→ **Task**: Transcribe the entries below exactly, starting with the line that has "Check spelling or" and stopping after the line that has "Safilo occhiali vintage"; no pictures belong in the copy.

Short text fragments from websites:
==================================================

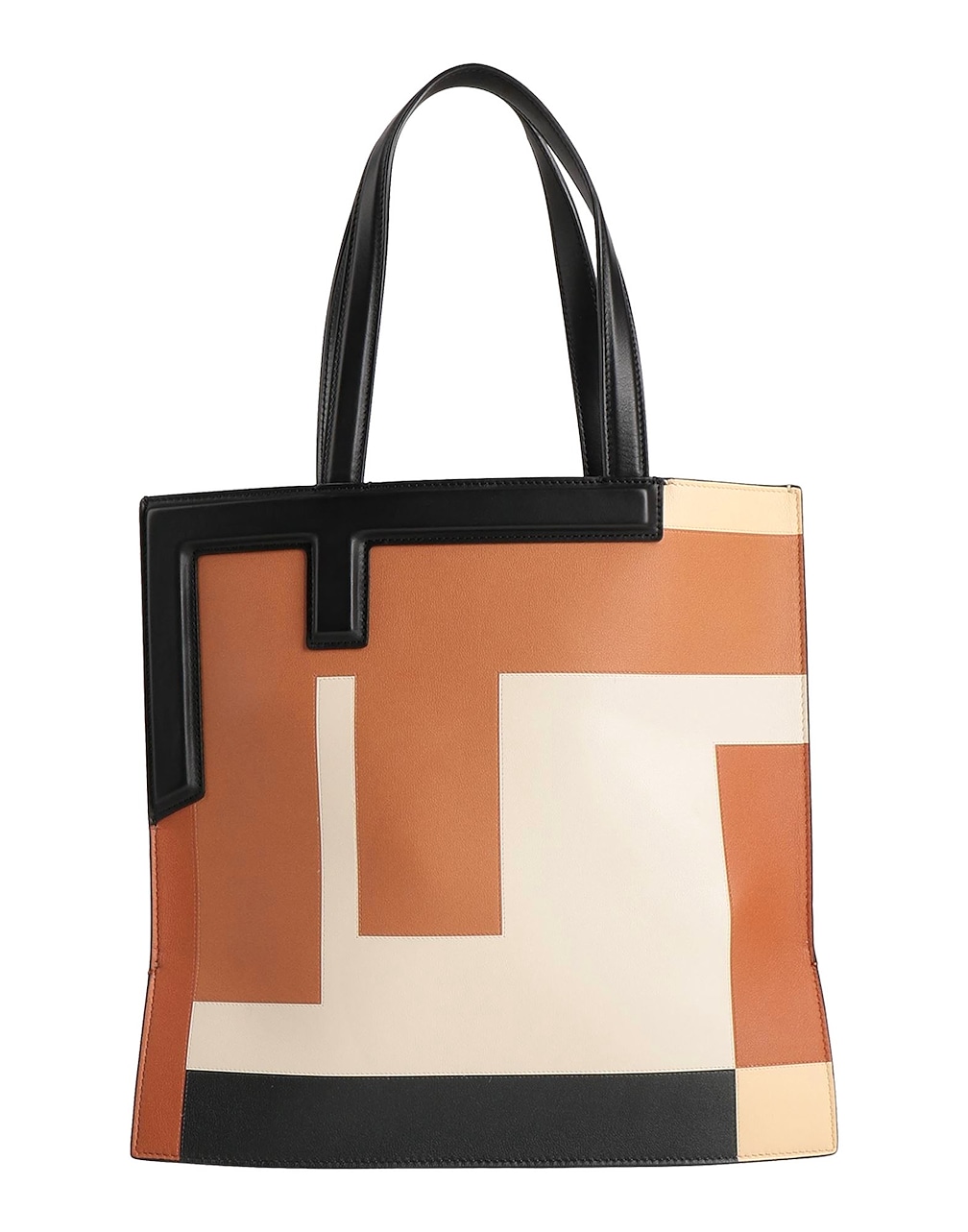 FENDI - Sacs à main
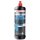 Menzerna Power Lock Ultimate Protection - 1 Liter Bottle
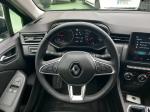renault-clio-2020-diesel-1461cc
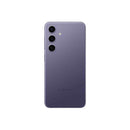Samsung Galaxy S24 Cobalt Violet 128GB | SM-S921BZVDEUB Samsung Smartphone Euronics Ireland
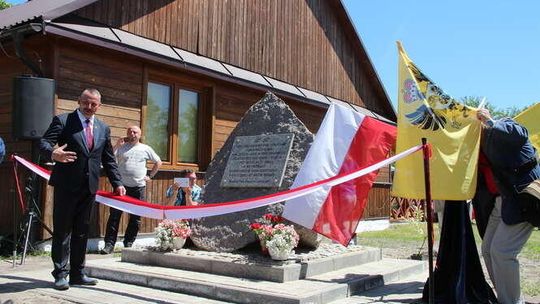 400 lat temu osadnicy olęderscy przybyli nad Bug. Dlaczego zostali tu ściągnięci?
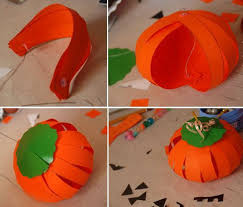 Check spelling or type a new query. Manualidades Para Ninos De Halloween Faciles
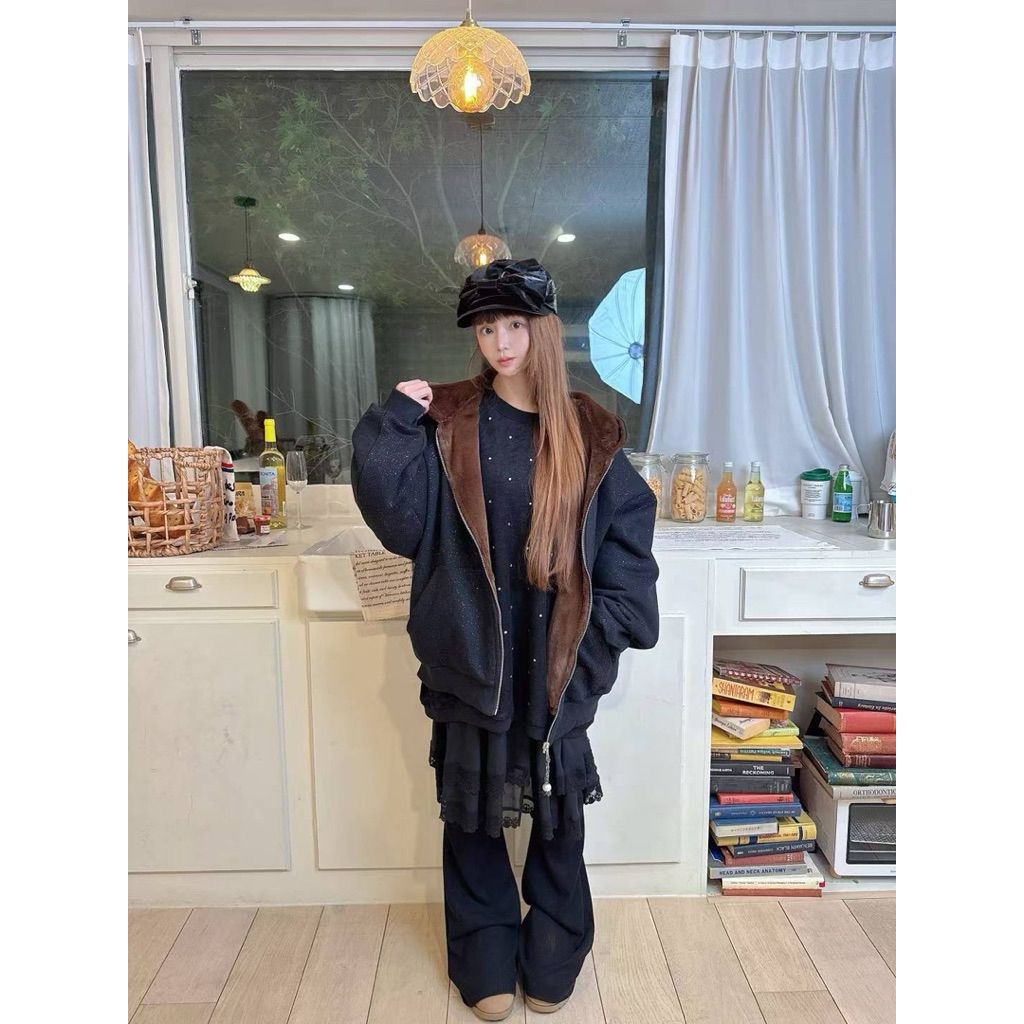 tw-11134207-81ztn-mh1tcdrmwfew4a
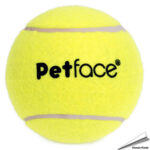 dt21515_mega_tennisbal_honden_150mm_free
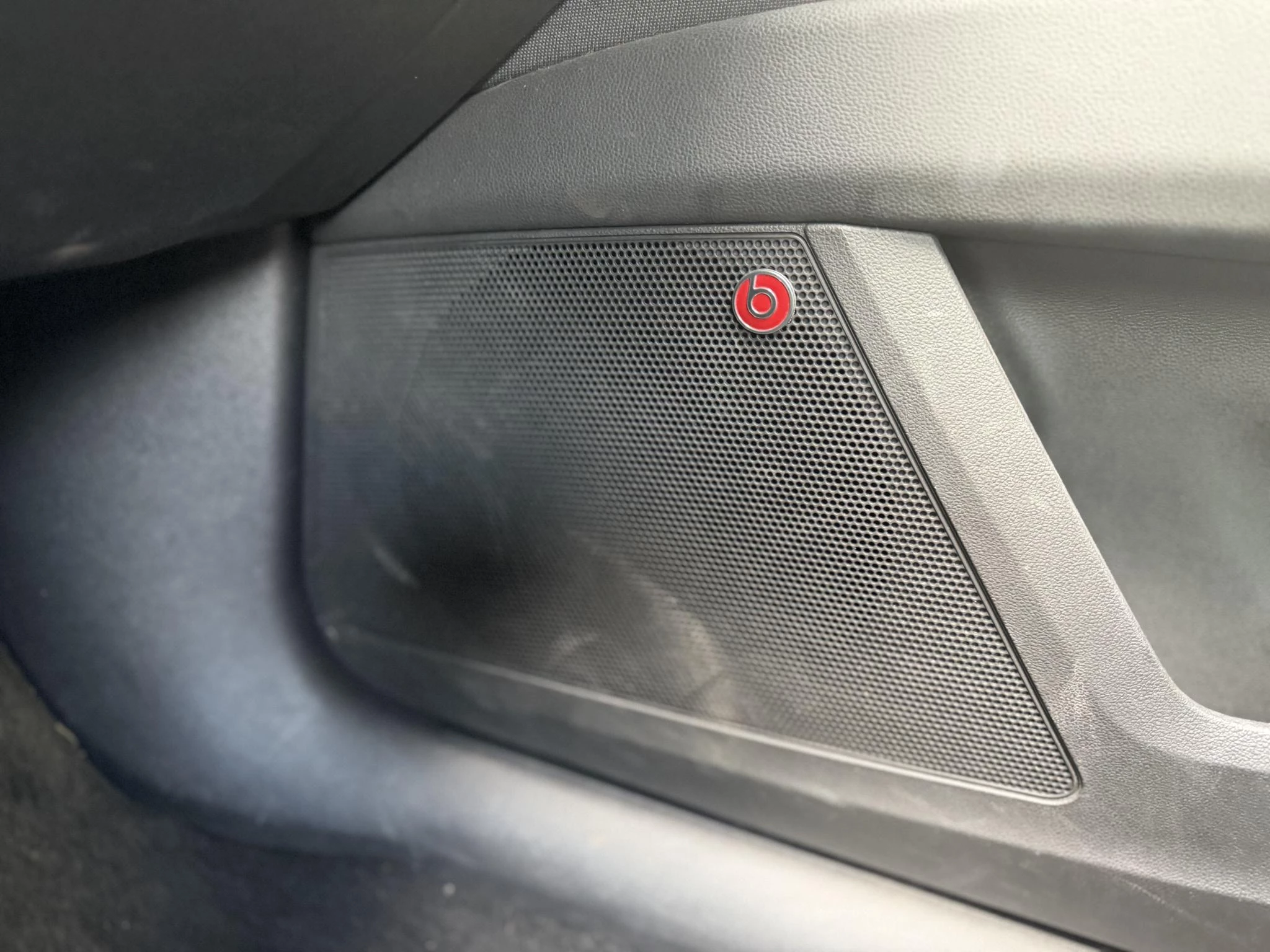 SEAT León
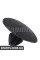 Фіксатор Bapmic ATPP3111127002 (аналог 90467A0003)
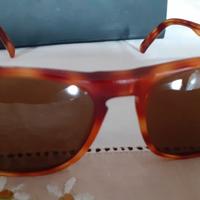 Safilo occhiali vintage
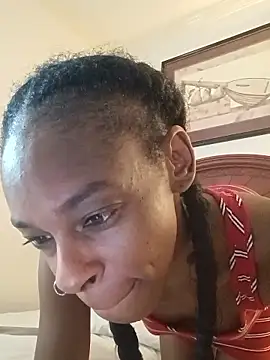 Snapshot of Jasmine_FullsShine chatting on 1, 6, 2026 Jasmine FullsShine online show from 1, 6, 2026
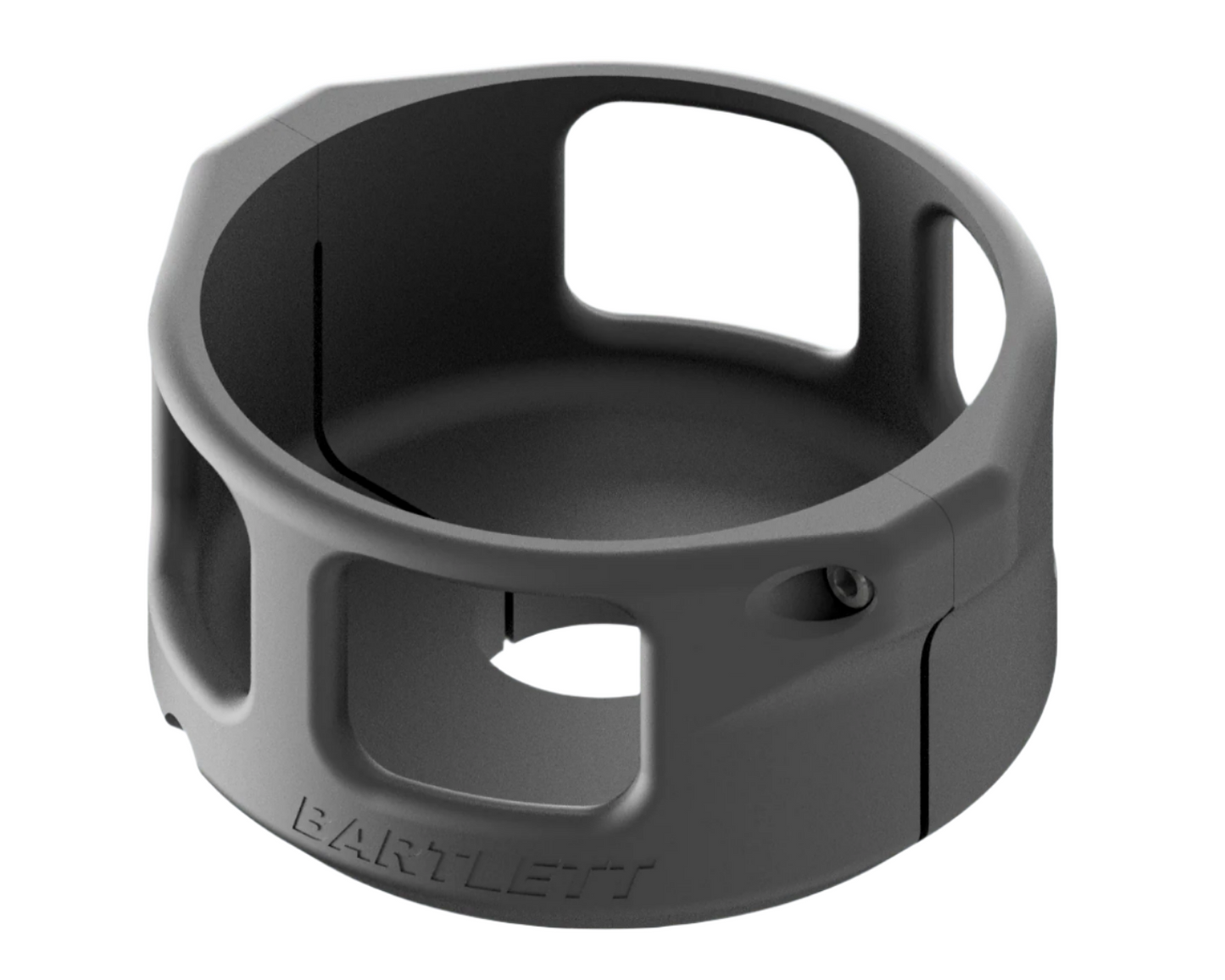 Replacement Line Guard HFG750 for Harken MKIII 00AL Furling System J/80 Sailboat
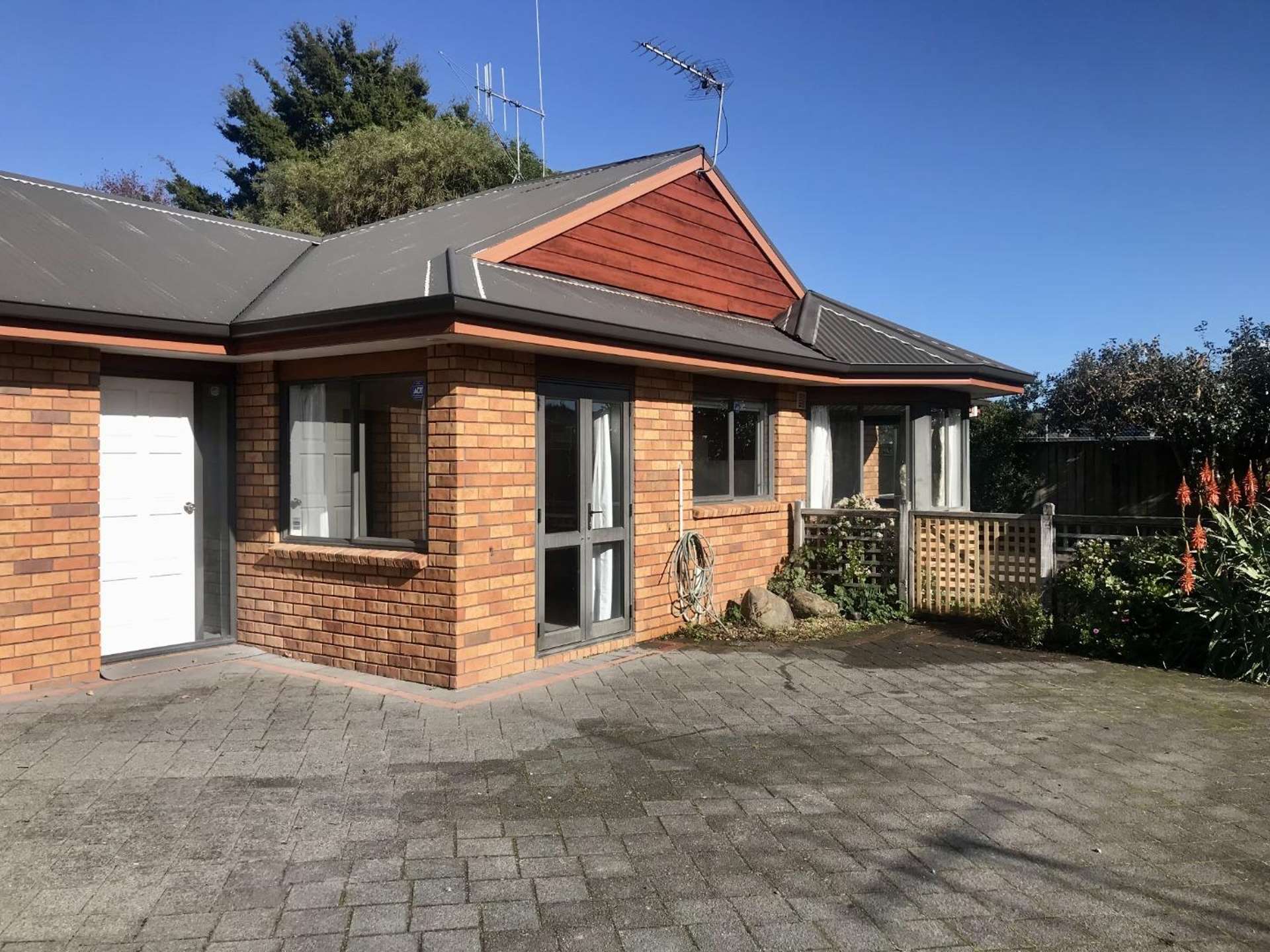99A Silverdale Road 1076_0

==================================================

→ **Your solution**:
 Check spelling or type a new query. Manualidades Para Ninos De Halloween Faciles
 tw-11134207-81ztn-mh1tcdrmwfew4a
 dt21515_mega_tennisbal_honden_150mm_free
 SEAT León
 Фіксатор Bapmic ATPP3111127002 (аналог 90467A0003)
 Safilo occhiali vintage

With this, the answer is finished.